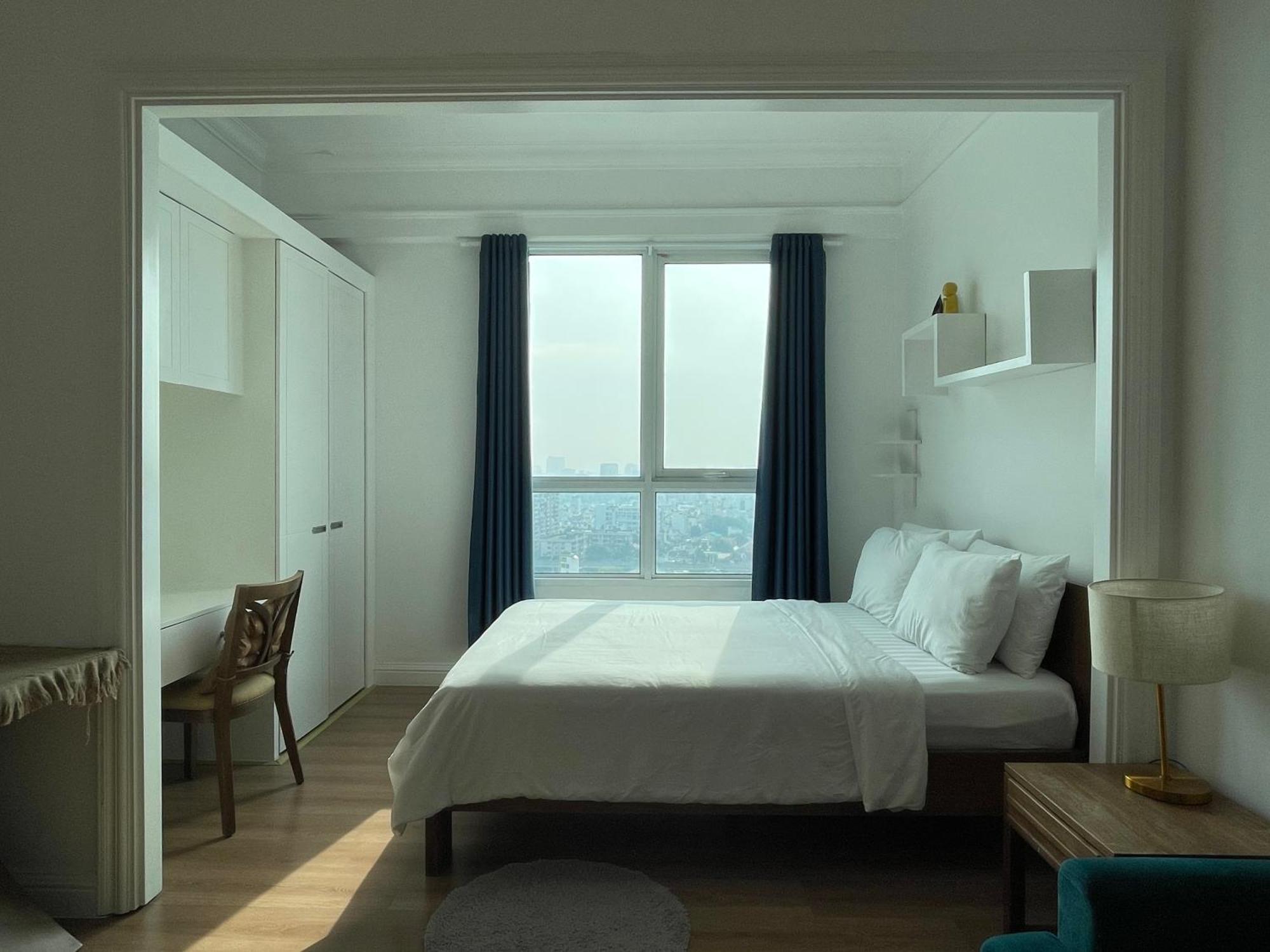 The Manor 2 Luxury Apartment Free Roof Top Pool Ho Şi Min Dış mekan fotoğraf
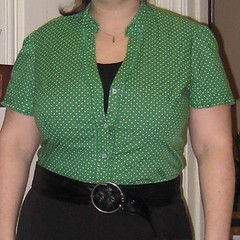 green blouse 1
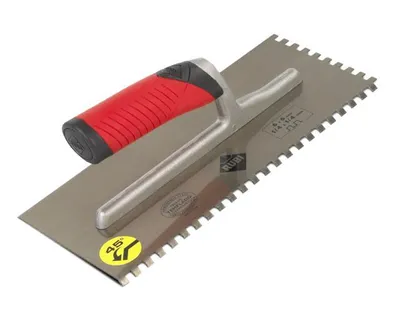 Zdjęcie produktu dla Rubi - Grzebień stalowy 28 cm. (6 X 6) 45º (75946)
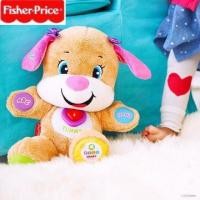 ราคา ตุ๊กตา TUMMY Fisher-Price Laugh & Learn Smart Stages Puppy (5881372582)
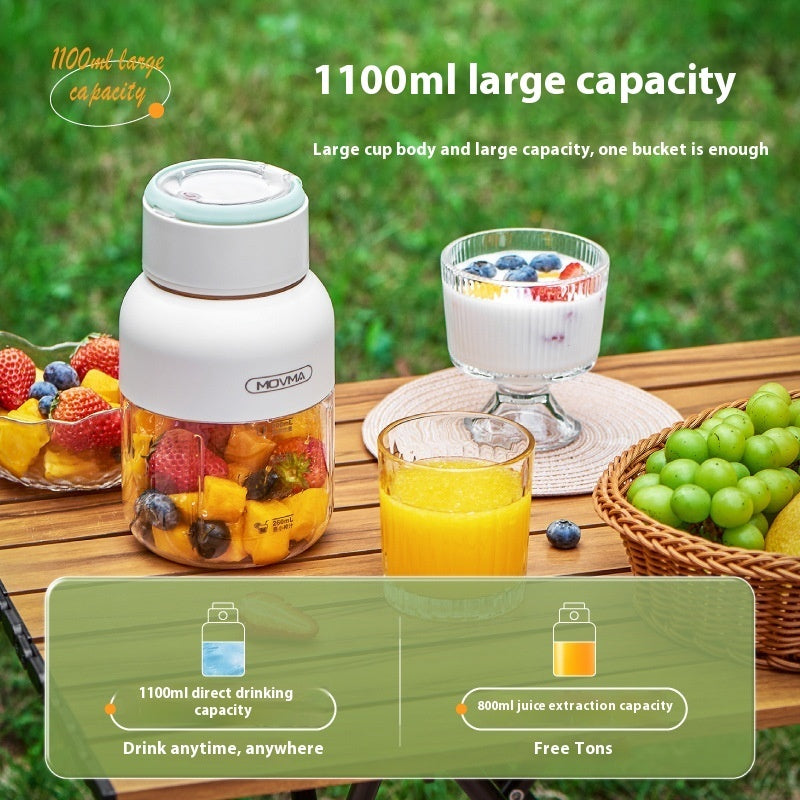 Smart Blender Cup – Portable Juice Maker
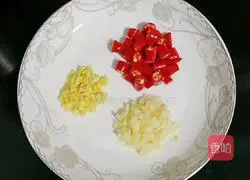 Illustration of how to make Kung Pao King Oyster Mushroom 4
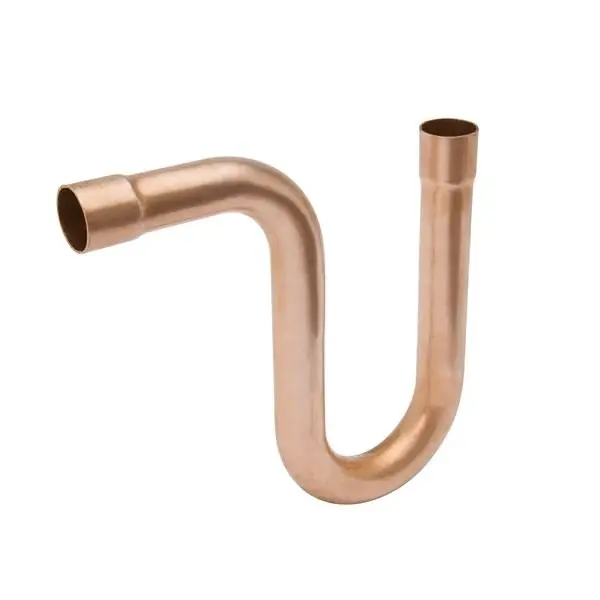 EverFlow W61008R 5/8 NOM C Suction Line P-Trap 3/4 OD Domestic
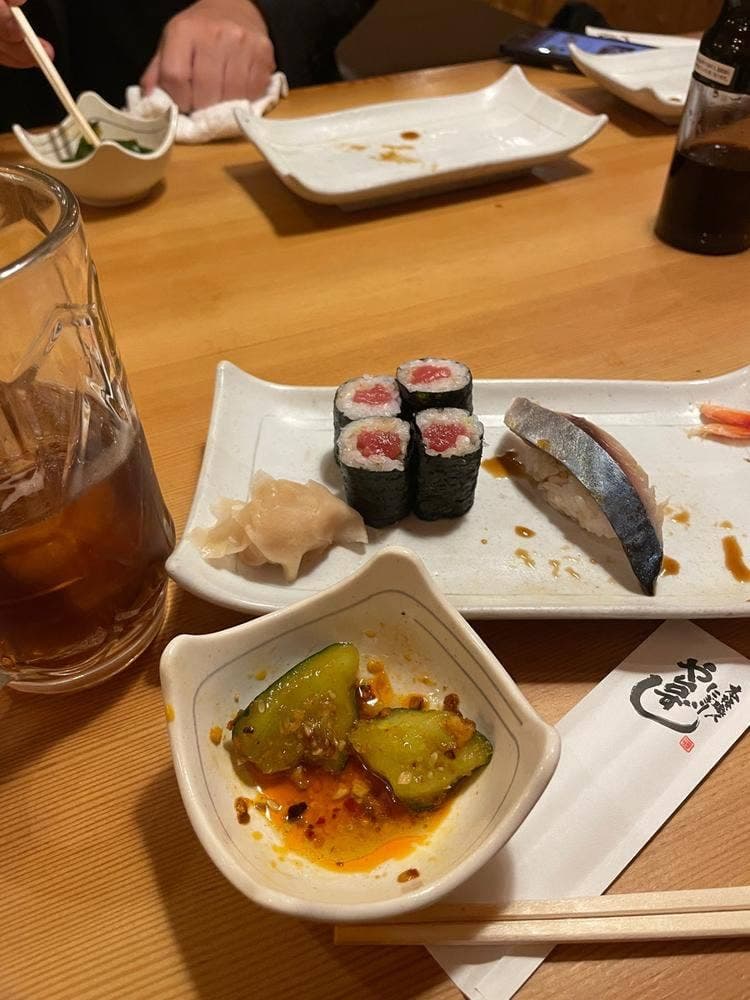 や台ずし 中津駅南口町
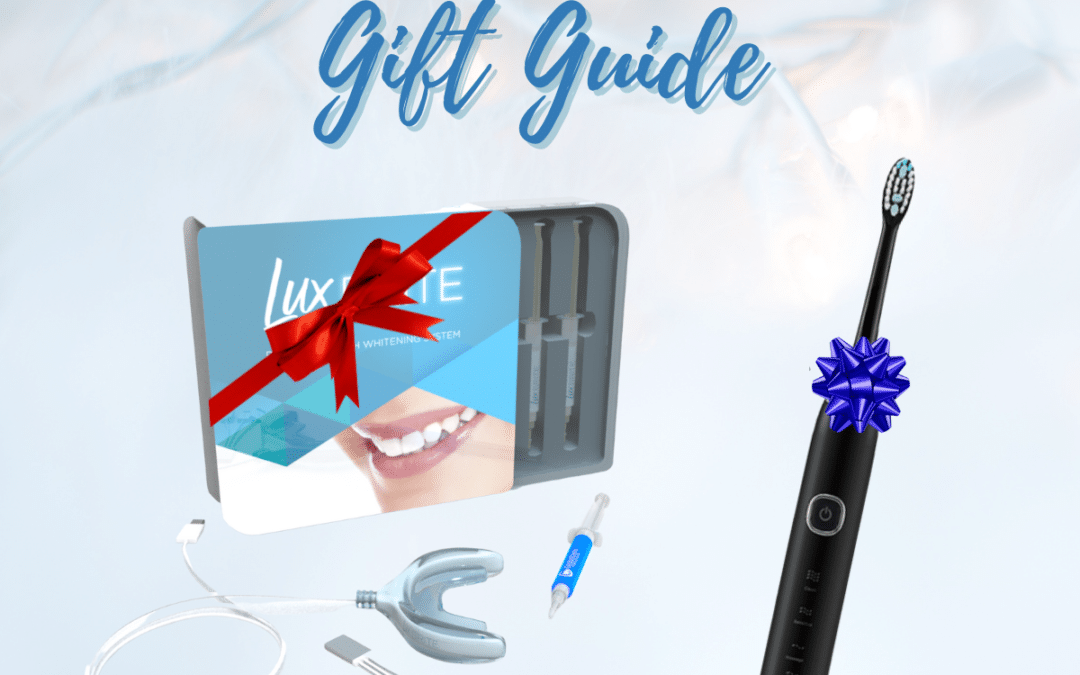 Holiday gift teeth whitening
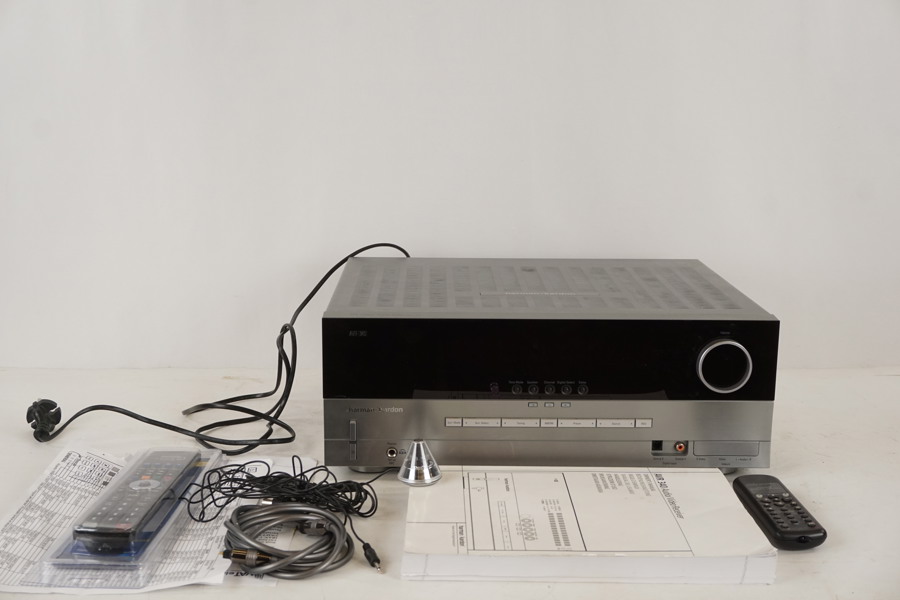 Harman/Kardon AVR 340 förstärkare defekt. BC228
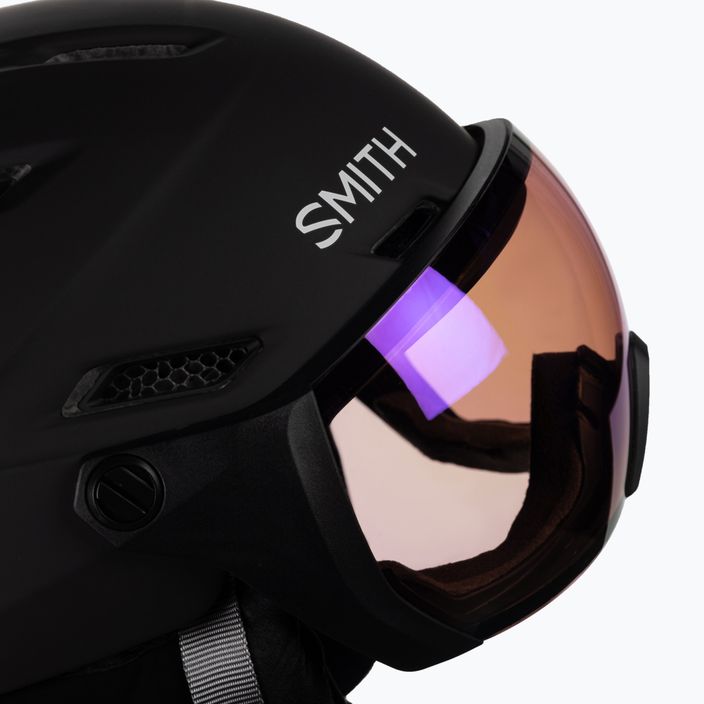 Lyžařská helma Smith Survey S1-S2 černá E00531 6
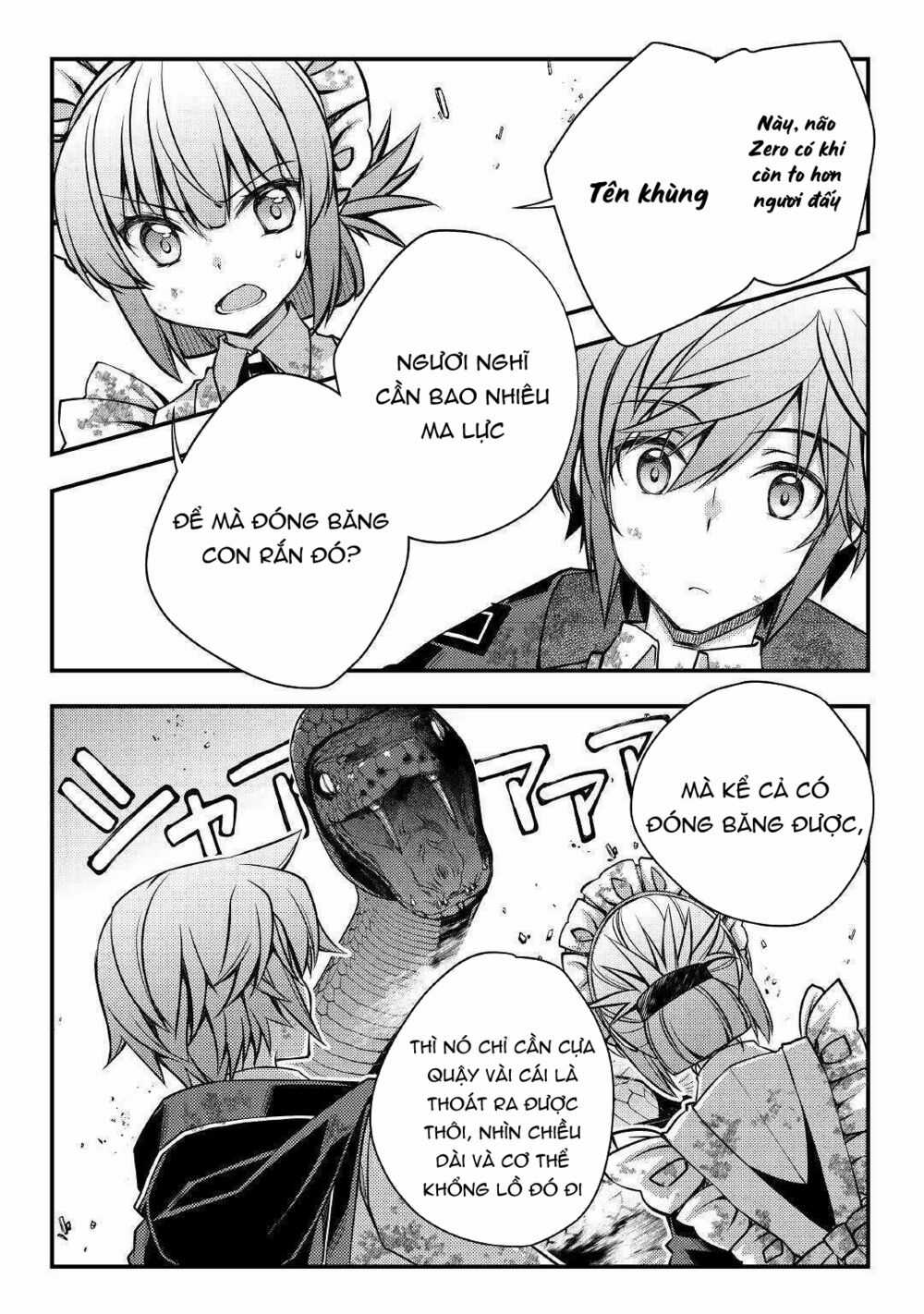 Yankee Wa Isekai De Seirei Ni Aisaremasu Chapter 32 trang 7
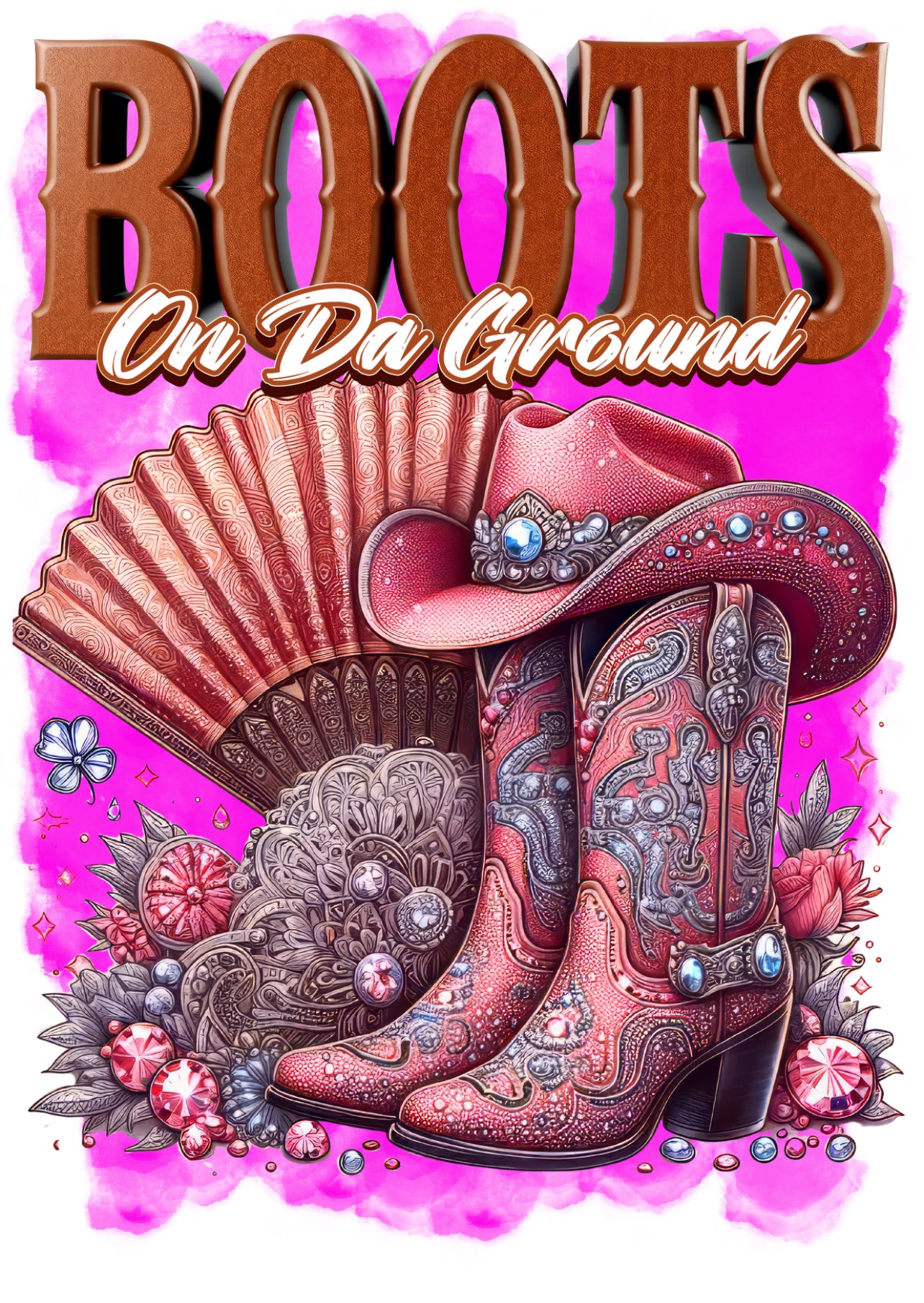 BOOTS ON THE GROUND
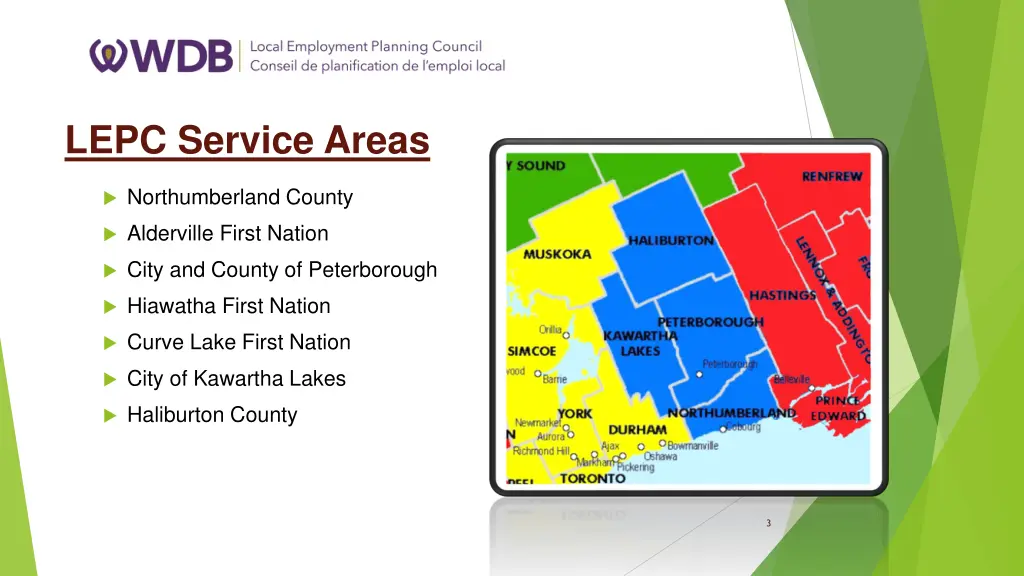lepc service areas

☆ ☆ ☆ ☆ ☆ ☆ ☆

EXERCISE OBJECTIVE »
Your answer must be an exact copy of every entry, with no pictures in it.

RESPONSE BELOW »
 The Manor 2 Luxury Apartment Free Roof Top Pool Ho Şi Min Dış mekan fotoğraf
 green blouse 1
 Zdjęcie produktu dla Rubi - Grzebień stalowy 28 cm. (6 X 6) 45º (75946)
 ราคา ตุ๊กตา TUMMY Fisher-Price Laugh & Learn Smart Stages Puppy (5881372582)
 Smart Blender Cup – Portable Juice Maker
 Illustration of how to make Kung Pao King Oyster Mushroom 4
 EverFlow W61008R 5/8 NOM C Suction Line P-Trap 3/4 OD Domestic
 や台ずし 中津駅南口町
 Holiday gift teeth whitening
 Harman/Kardon AVR 340 förstärkare defekt. BC228
 Lyžařská helma Smith Survey S1-S2 černá E00531 6
 Yankee Wa Isekai De Seirei Ni Aisaremasu Chapter 32 trang 7
 BOOTS ON THE GROUND
lepc service areas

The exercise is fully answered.